There is one day I specifically remember as being influential. I was doing homework with the TV on in the background while it was playing the first two Die Hard films. I admit, I was watching little more then small portions at a time but after the conclusion of Die Hard 2 I found myself wondering how it could be so much worse then the original. I guess it could have been an uninspired script or maybe the cast was phoning it in or even the uninspired use of elements taken from the first film, but could it have been something else? It was that day that I started to realize that it might be the camera that was effecting me, the way it laid out the environments clearly, the way it effortlessly conveyed movement and momentum and the absolute clarity of vision it had. I was a young teenager who didn’t fully understand these ideas, but damnit did I start holding other films accountable to this invisible set of rules.

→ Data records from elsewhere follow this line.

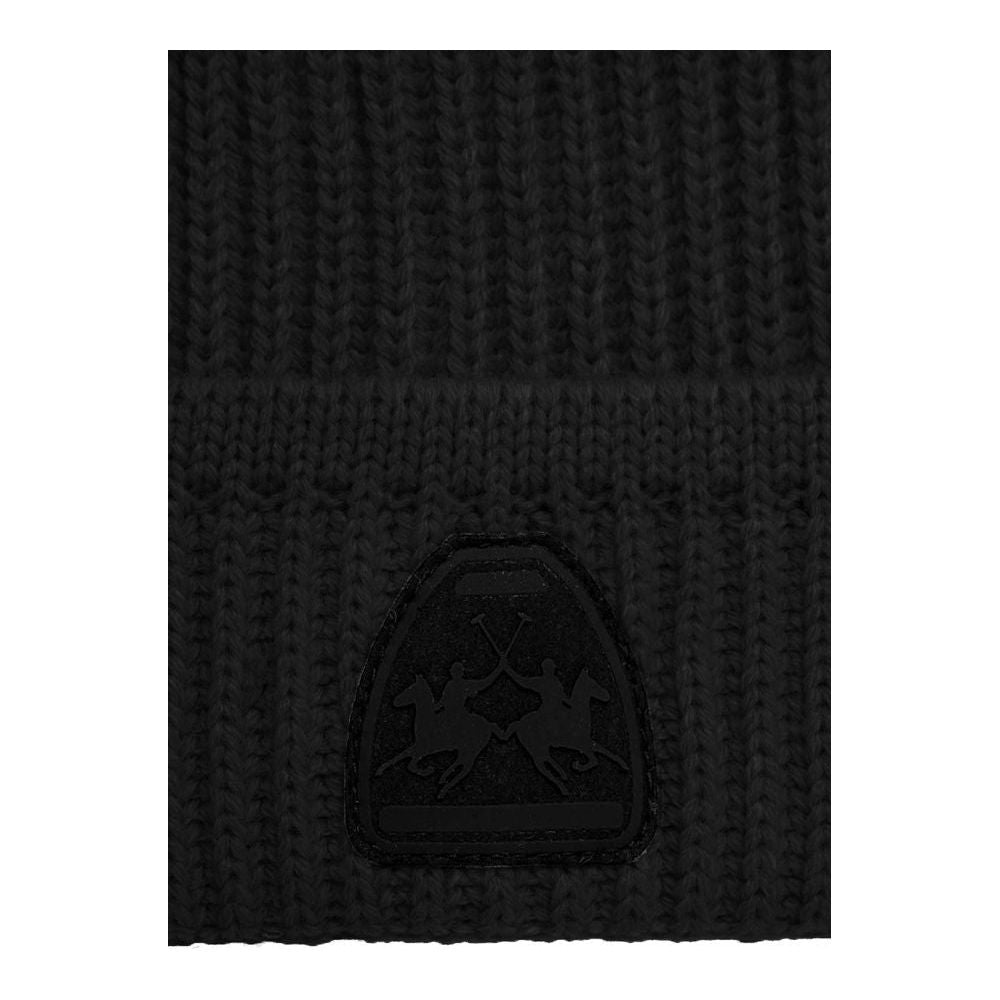 La Martina Black Acrylic Men Beanie LAMA-13151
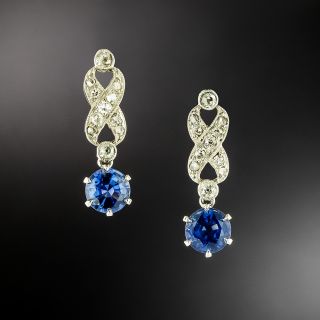Edwardian Sapphire and Diamond Earrings - 2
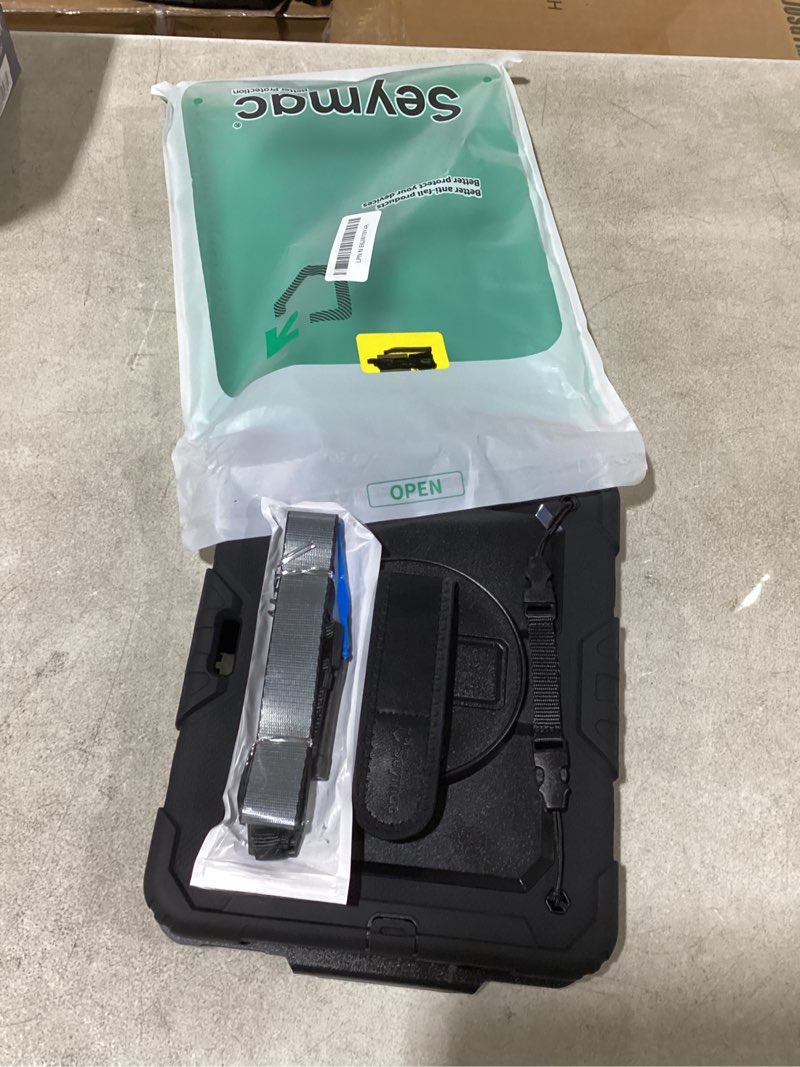 Condition photo showing New/Like New for seymac case for ipad air 11 inch m4 / m3 / m2 (2026/2025 / 2024), heavy duty shockproof protective case with screen protector, 360° rotating stand and hand/shoulder strap, black black for ipad air 11 inch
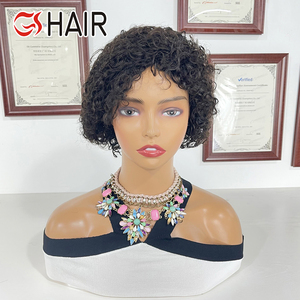 GS Perruque Brésilienne Courte Coupe Pixie Bouclée Perruque Front Lace pour Femmes Noires Cheveux Humains Boucles Pixie Fermeture Perruque Tpart Pixie Perruques - Product Image 2
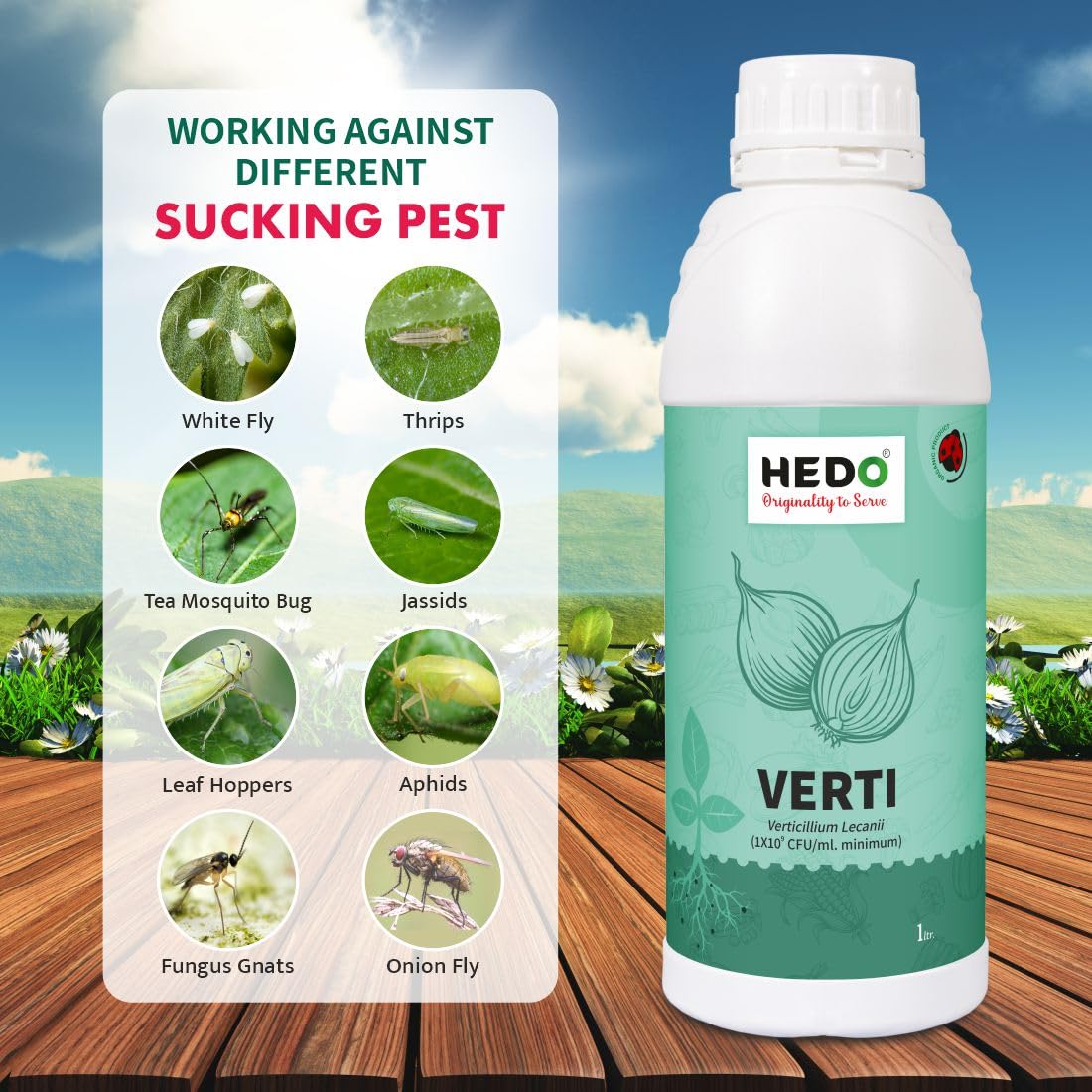 HEDO वर्टिसिलियम लेकानी बायो-ऑर्गेनिक लिक्विड (1L) पौधों के लिए - एफिड्स, थ्रिप्स और व्हाइटफ़्लाइज़ जैसे चूसने वाले कीटों के खिलाफ़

Interestingly enough, some of your interests started showing up in other mediums I loved. In particular, the focus of a singular force navigating and disrupting the forces around it. The video game Metal Gear Solid is a stealth action series generally involving a highly trained soldier named Solid Snake infiltrating a dangerous terrorist cell and stopping whatever plan that had hatched. The series deals with ideas of free will, the dangers of technology, and political responsibility among other things but when you separate the physical game element from the themes and narrative ideas it becomes quite a bit more simple. It becomes about the simple pleasures of moving within protected spaces undetected, the variety of choices you can make to accomplish that goal and the visual clarity and memory to accomplish all of this. It’s sort of like deciding how John McClane handles himself in Die Hard. Do you want to sneak by everyone and fix everything without firing a single shot? Maybe you want to do it without harming a single person? Or maybe you’d rather go the Predator route, slap on some invisible camo, and go about your horrifying, murderous rampage. They remind me of your films not just because of the obvious elements but because of how incredibly moral they are, just like your works.
I feel like the letters being written to you are primarily meant to help you in these dark times, to have the thankful voice of your supporters lift your spirits and give you a kick in the ass anytime you submit to self-pity. I realized mine is a bit different though, mine might be just as much about me as it is about you. I was never much of a writer, instead of making an effort to hone my skills I would generally take the easy route of making excuses or only writing small blurbs. Never anything challenging. Writing this made me realize this must be the time I make that effort or else I might let it slip away completely. It sort of felt like when McClane or Ahmed or any number of your protagonists face the hand they’ve been dealt instead of cowering. It’s things like that that in your films that helped imbued me with certain ideas about truth and honesty from a young age, and it is those things I am thankful for now. I apologize for my selfishness John, but I figured if anyone would understand and be grateful for such candid thoughts, it would be you.
P.S. – I’ll admit, one of my dreams is of you making a Metal Gear Solid film. Definitely one of the reasons I brought it up.